The Nagas

Hill Peoples of Northeast India

Project Introduction The Naga Database

manuscript - Christoph von Furer-Haimendorf, Naga diary five

caption: further visit to soothsayer Limnia , trance and tiger journey
medium: diaries
person: Limnia
ethnicgroup: Konyak
location: Wakching
date: 21.5.1937
person: Furer-Haimendorf
date: 1.4.1937-26.6.1937
note: translated from german by Dr Ruth Barnes
person: School of Oriental and African Studies Library, London
seealso: Notebook 14
text: Wakching 21/5/1937
text: For the first time in several days we had a sunny morning again and around half past nine Shankok and I went to Limnia's house. He had already heard that she had had much to endure during the night because of the long journey to my country and was still exhausted. As today and tomorrow are two more genna days many people have stayed in the village while others have gone to get wood, and the boys are clearing the path to the bungalow of weeds.
text: Again Limnia's little house was full of people.
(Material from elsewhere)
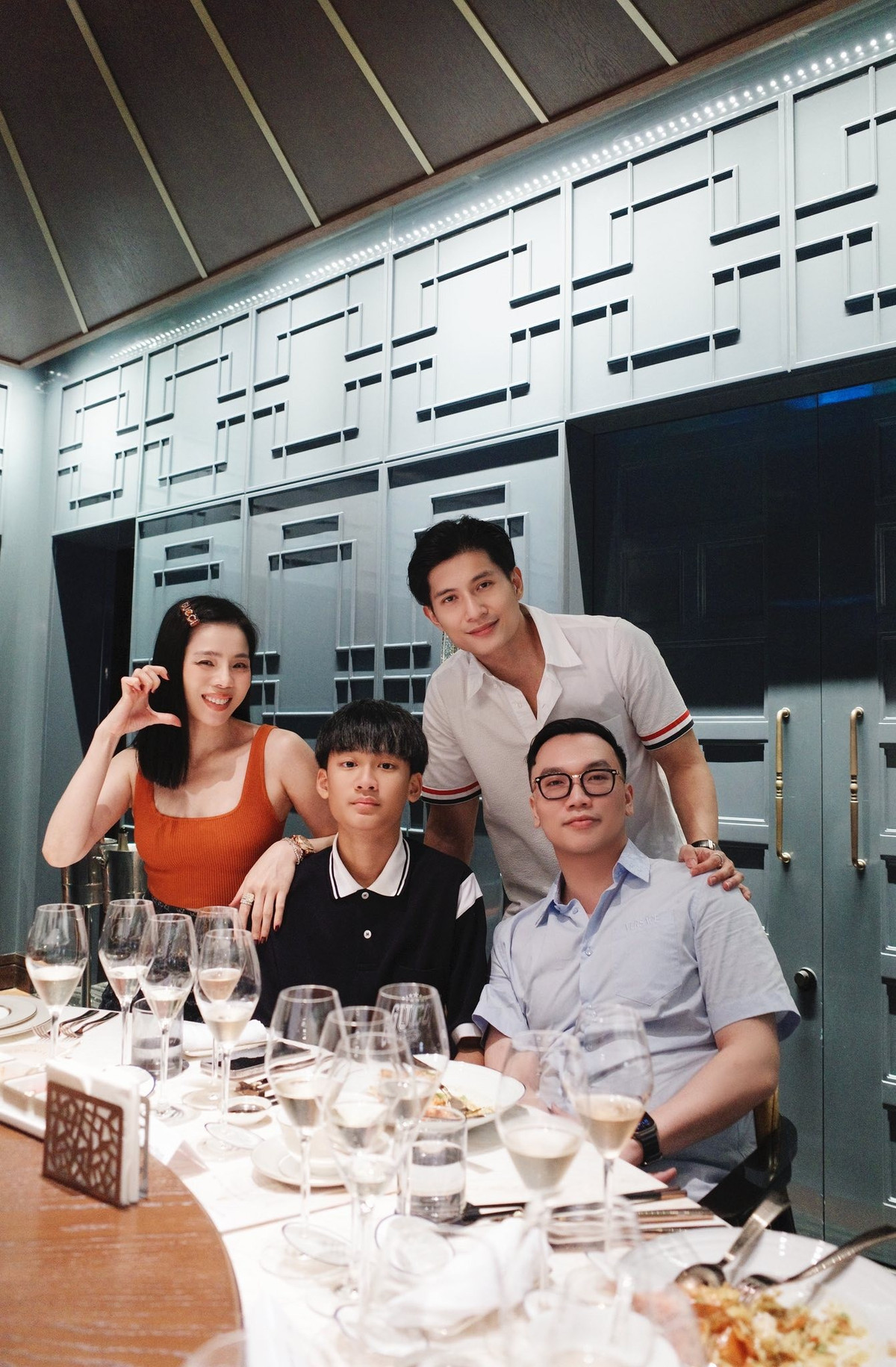 Lệ Quyên cùng Lâm Bảo Châu đưa con trai đi dự tiệc cùng bạn bè. Ảnh: FB Lệ Quyên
Here husband, a neighbour, (170) two women nursing their babies and a multitude of children were all sitting around the fire on which a pot closed with leaves was boiling. Limnia was still lying on her bed but she was already awake. Her neighbour, a man of Shankok's clan, told us that yesterday she went into trance soon after we had left and soon started to act so alarmingly that he and her husband had sat up with her until the first cock crow because they feared that she might die. In the meantime Limnia sat up and soon left her bed. Indeed she was looking quite exhausted and complained of a headache as well as pains in her feet due to the long walk. Unfortunately what she had to tell was not very interesting.
text: She said she had wandered about for a long time before she had found the way to my village but she had not gone across mountains but on level ground. Finally she had come to my village and to the house of my parents which was like a bungalow. Everyone was already asleep and she did not enter my house but stood in front of it. Without saying how she saw this she furthermore told me (171) that I would return safely and without encountering any obstacles, and that I would find everything in order there. I would have enough food and money, a wife I would also find. She clearly saw us together. She, my wife, was to be beautiful and neither too tall nor too small. All this she said in a quiet, calm voice, often only after I questioned her. Although I do not doubt Limnia's good faith, nevertheless there was nothing in her tale which a careful and clever fraud would have said differently. Much more important than the tale itself was the fact that she insisted to have wandered in the shape of a tiger. Whenever she goes on her nocturnal excursions it is in the form of a tiger whom she has long since been closely allied with. (See Notebook 14). Because of her great endurances I gave her an additional 1.8 rupees which seemed to satisfy her.